Friday, November 27, 2015

Can you keep a secret?



There are always people who can defend what seems to me to be indefensible; reject what seems to me to be obviously desirable. 

I read recently of a technique to convince people whose political philosophy is opposed to yours to nonetheless support positions which you support – even if those positions are inimical to their own.  Basically, you frame the question in such a way that it echoes things that they already believe in.  For example, to convince a gun freak that registration of gun owners is a good thing, you might say that this is a method of eliminating the argument of anti-gun forces that nobody knows who owns guns, so they should all be removed from the general population’s control.  You frame this position as a way of pre-emptively weakening the opposing side.  

The people who promote this don’t seem to care if you actually believe what you say or not.  The goal is to win the argument.

What brought this to mind was an article I read on the question of strong encryption.  Several politicians think that encryption methods should have back-doors so that law enforcement can get access to the encrypted communications of terrorists and criminals.   

This section got my attention:
“People who protect liberty have to take care not to imply, much less acknowledge, that the draconian anti-liberty measures advocated by the surveillance state crowd are justified, tactically or morally, no matter what the circumstances.

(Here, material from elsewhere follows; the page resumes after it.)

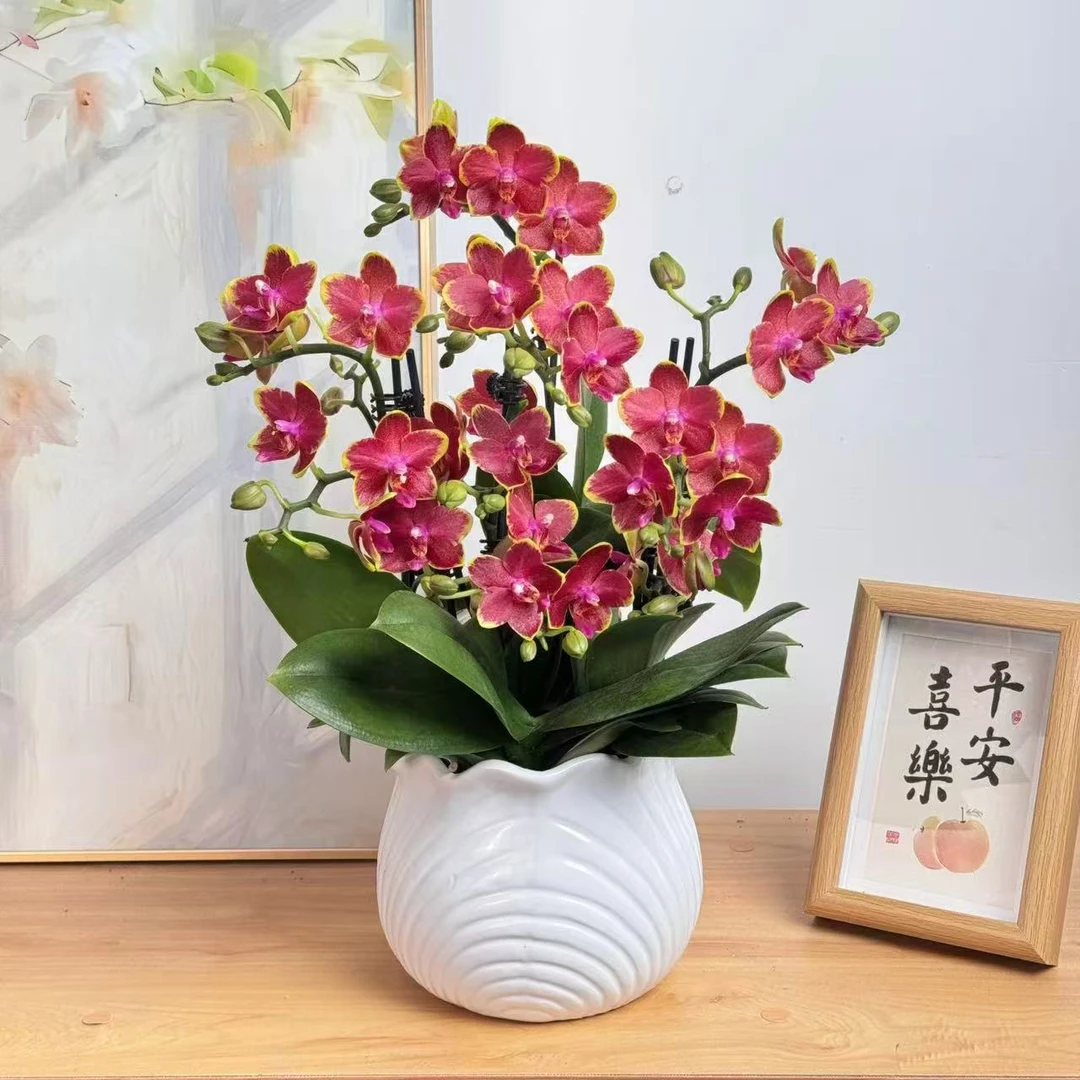 【金边番茄】蝴蝶兰鲜花精致组盆 开花株 室内绿植 养兰基地直发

Someday a terrorist will be known to have used strong encryption, and the right response will be: “Yes, they did, and we still have to protect strong encryption, because weakening it will make things worse.”

That “and the right response will be” gets me, because I don’t think that you can say that in advance.  I think there will be times when encryption should remain inviolate, and there will be times when we will want law enforcement to be able to break it.  The problem is that we don’t know in advance.  The cops don’t like the idea of having to ask for access each time.  I don’t like the idea of the cops having unfettered access to secrets, because I distrust their integrity.  

People who use phrases like and the right response will be are not primarily interested in the objective  truth.  They just want to win the argument. In this case, I think we want both -- security, but trustworthy security. We want to be able to trust the cops, but their actions lead us to think that we need protection from them, too. 

I believe that the 'authorities' know much more about the real world than I do.  But what do you do when you don't trust them?